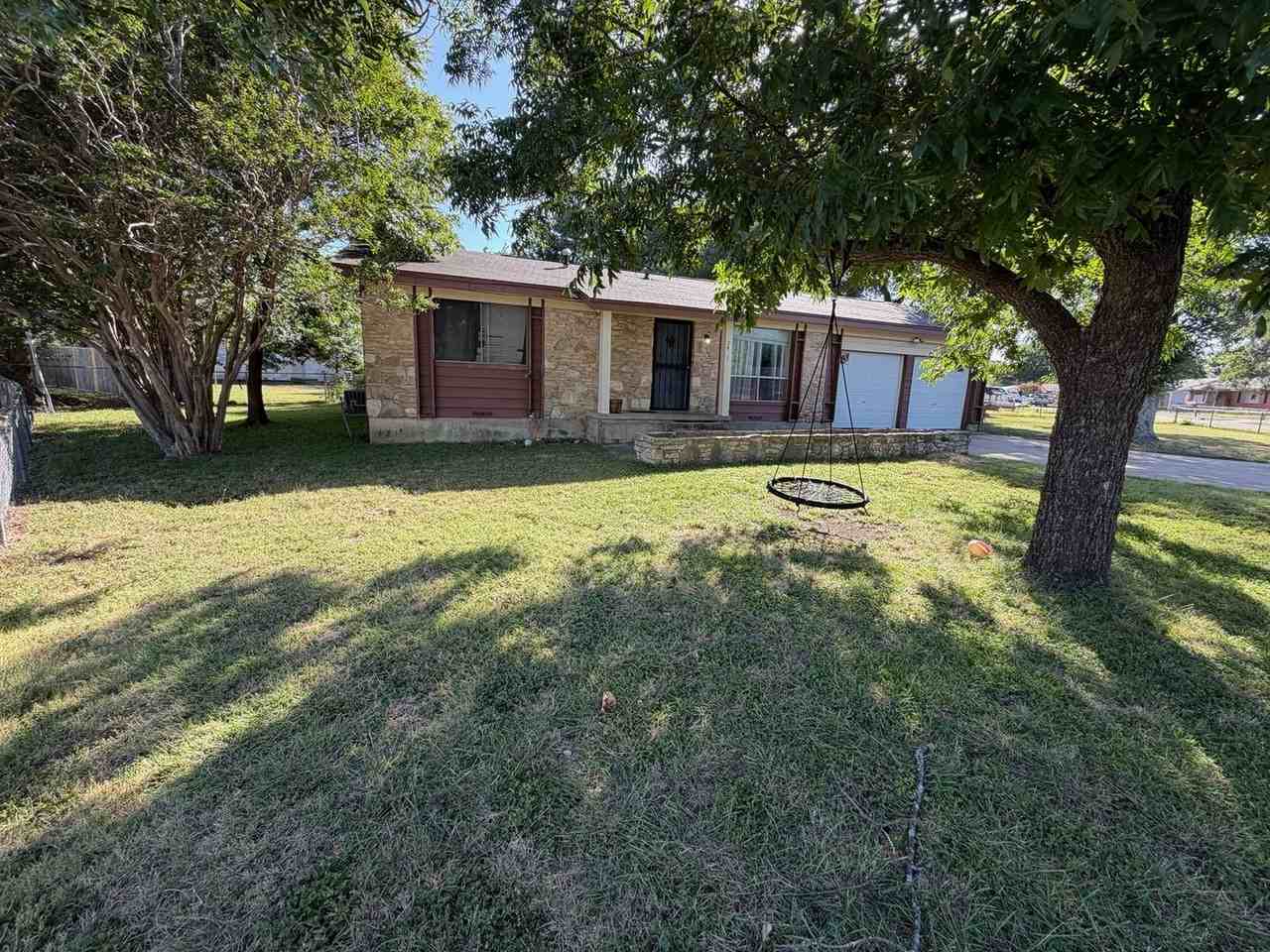 2812 Live Oak Dr - Photo 3 of 3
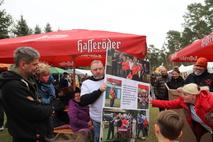 Carsten Eichmüller überreichte der Feuerwehr eine Fotocollage.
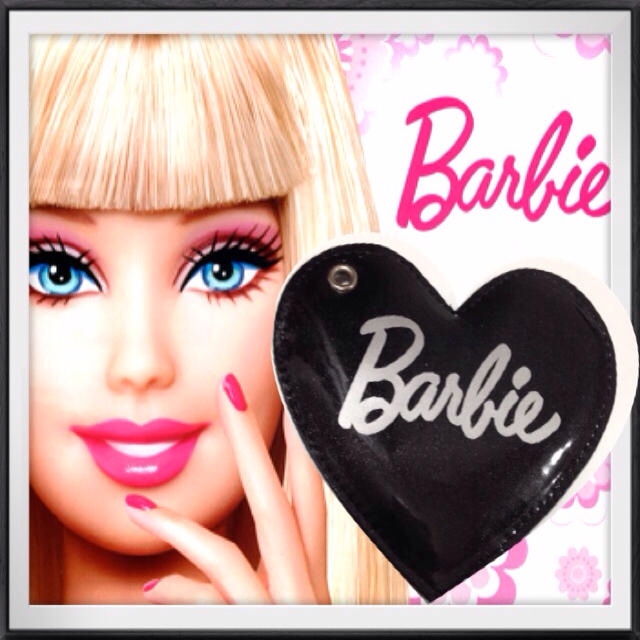 Barbie(バービー)のBarbie◎定期入れ(黒) レディースのファッション小物(名刺入れ/定期入れ)の商品写真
· · · · · · ·
- _Action item_
Set the data above down again exactly as given, with no pictures.

- _Response to the exercise_
 2812 Live Oak Dr - Photo 3 of 3
 Carsten Eichmüller überreichte der Feuerwehr eine Fotocollage.
 Barbie(バービー)のBarbie◎定期入れ(黒) レディースのファッション小物(名刺入れ/定期入れ)の商品写真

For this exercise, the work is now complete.